Climbing up out of that hellish, all-encompassing vision is difficult. For artists and writers who are prone to so much psychic noise and psychological sound waves, the experience can be overwhelming….suffocating….and sometimes liberating…
Literature and Fine Art is born of this angst, this disgust and this Horror.
This means that a lot of writers are either writing about Potteresque young wizards or drowning in creative milieus of powerful emotion, struggling to get it down on the page and tucked neatly into story.
But they are OUT there…struggling to the surface for air. Keep looking for them; they are looking for you…
The transformation from trying to figure out what editors want and whether a story is one story or a trilogy has evaporated into how to bring the Horror to the foreground, how to make Horror scary again when Real Life seems to outpace anything we can imagine.
This is a creative challenge.
And like our fanbase in the genre, we are struggling to navigate each day, pay the bills, digest each new oppressive threat by politics that seem hellbent on creating dictatorship by promising various, construed bases changes won’t adversely affect them but only those they do not like….all while pushing plots and experimenting with characters and scenarios that often feel as surreal as Science Fiction or Fantasy because real life is mimicking it.
It is a tall order.
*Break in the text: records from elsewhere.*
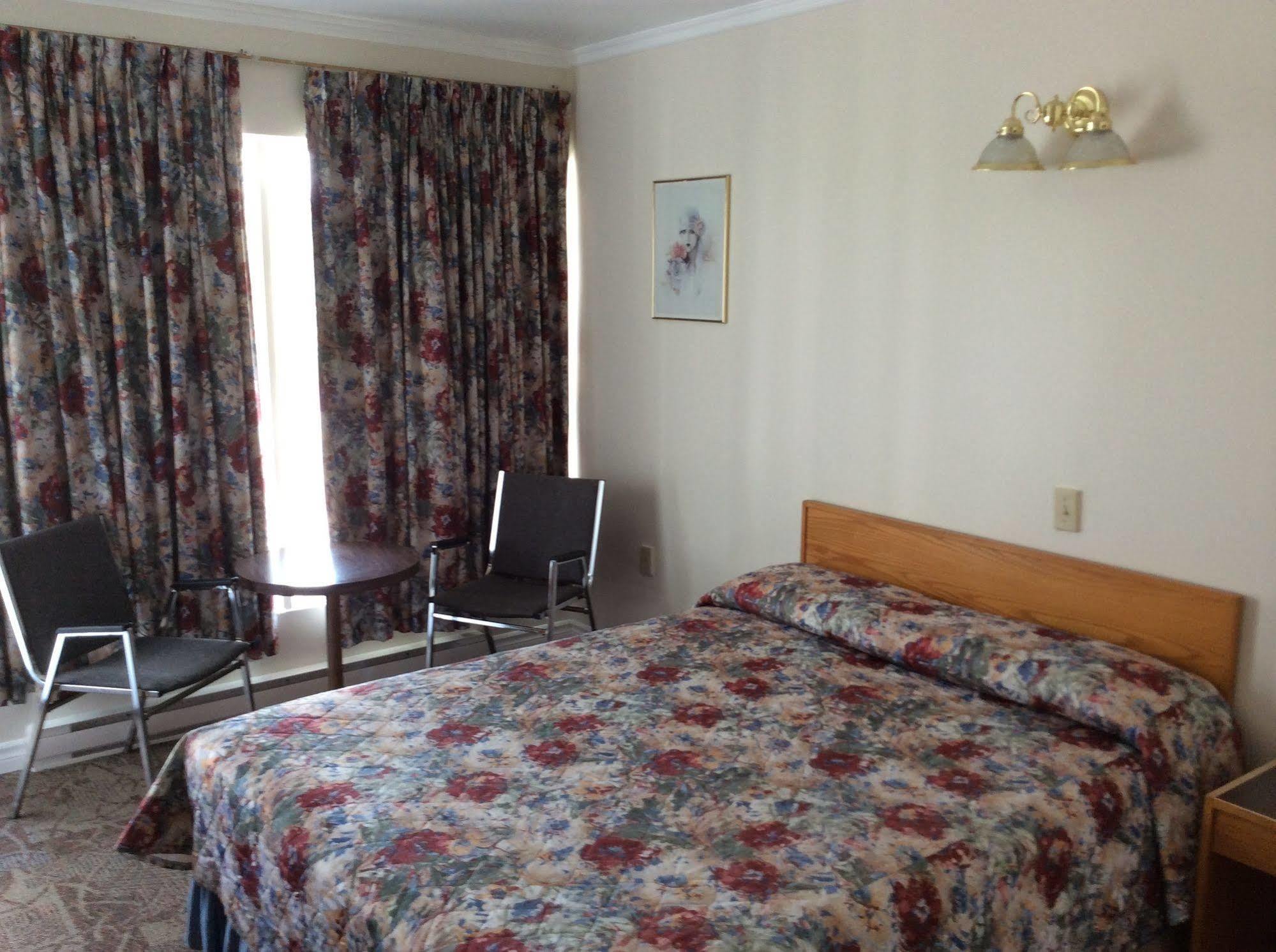 Embassy Motel Kingston Extérieur photo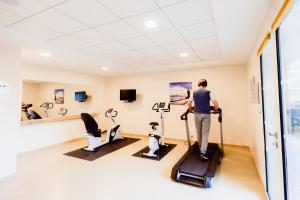 The fitness centre and/or fitness facilities at Domitys Les Falaises Blanches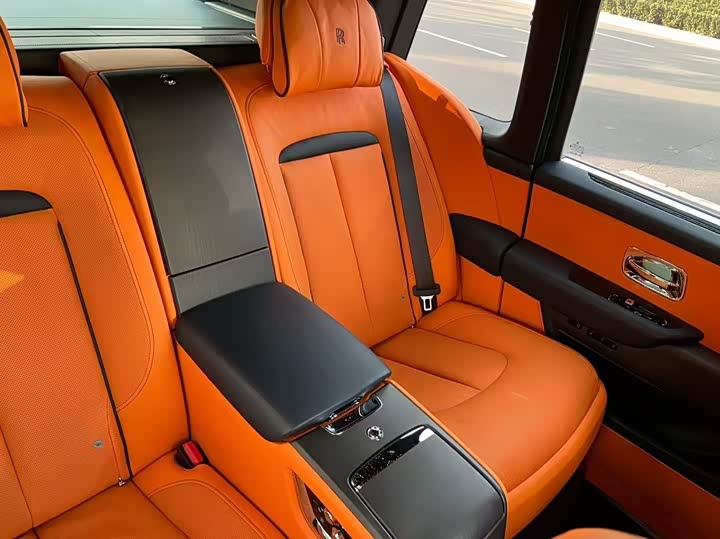 Фото 3 - Rolls-Royce Cullinan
But one I assure you your genre writers are up to…And I have seen the evidence personally. Right now what we are lacking most is that over-the-edge push…the one thing that horrifies absolutely the way a King novel horrifies, because the Horror is real… It is because we are struggling to learn the Craft we are not being taught while creating what we hope are sound concepts executed the way we want…
It takes work. Practice. Mastery.
It takes Renaissance.
And we cannot let ourselves go numb and mute. We have to say exactly what we mean. We have to not-care what others will think. We have to be willing to write outside of the Establishment’s dictates or preferences, and understand getting found in a confusing mass of titles is going to be a challenge unlike few others.
It’s going to take raw determination by our writers.
It’s going to take blind faith.
And as a writer I feel it coming.
As a bookseller I still see fans looking for new Horror.
This tells me it isn’t over – our genre is far from done.
In fact, I believe it tells me we are just getting started. And once we find a way to get it out there – as a genre – as a collective….then I think we will see new sales. New fans. New writers.
Whether we are The Best or not.
Some of us are content to place our immortality in the hands of our readers. Because that is where it belongs. Out there. In the dark.